## Task item
For this exercise, return only the lines in the records below from the one holding "Carl Andress Headshot" through the one holding "used 2018 Mitsubishi", including both, exactly as they appear and without pictures.

## Data shown

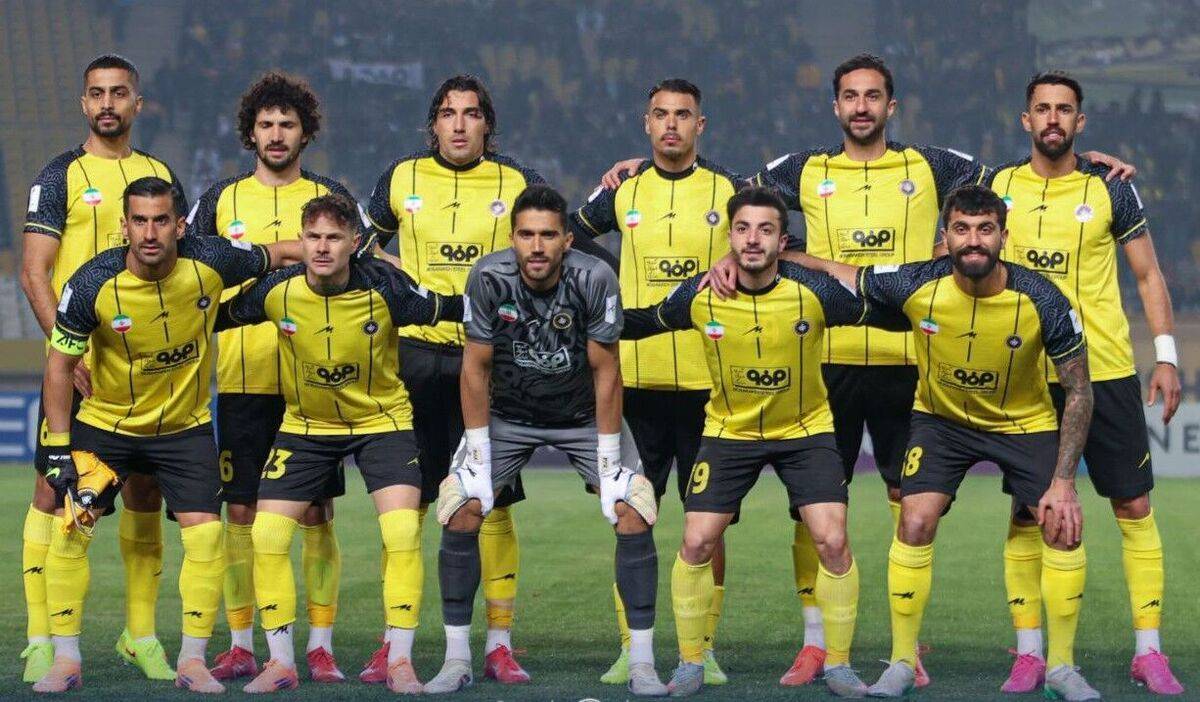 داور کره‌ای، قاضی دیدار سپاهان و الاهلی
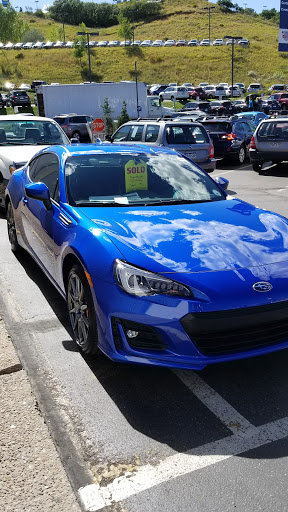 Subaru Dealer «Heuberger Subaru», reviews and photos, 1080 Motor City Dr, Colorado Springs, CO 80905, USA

...

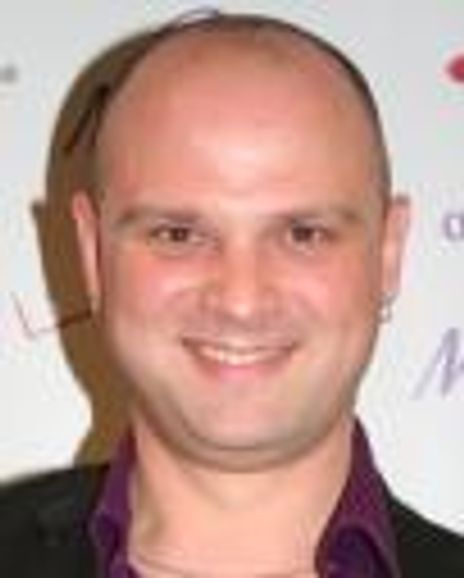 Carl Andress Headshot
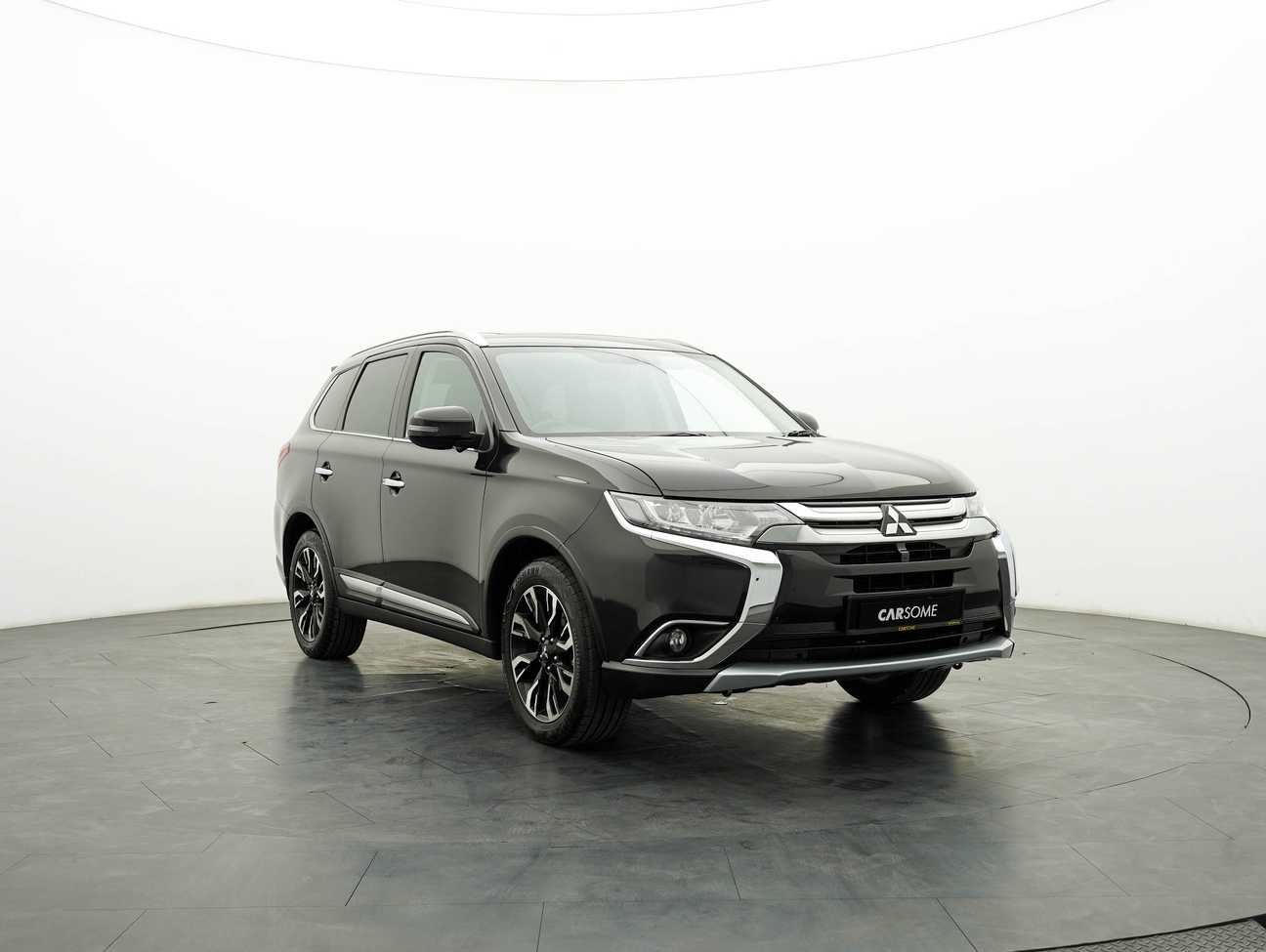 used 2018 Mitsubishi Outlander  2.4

## Output for this exercise
 Carl Andress Headshot
 used 2018 Mitsubishi Outlander  2.4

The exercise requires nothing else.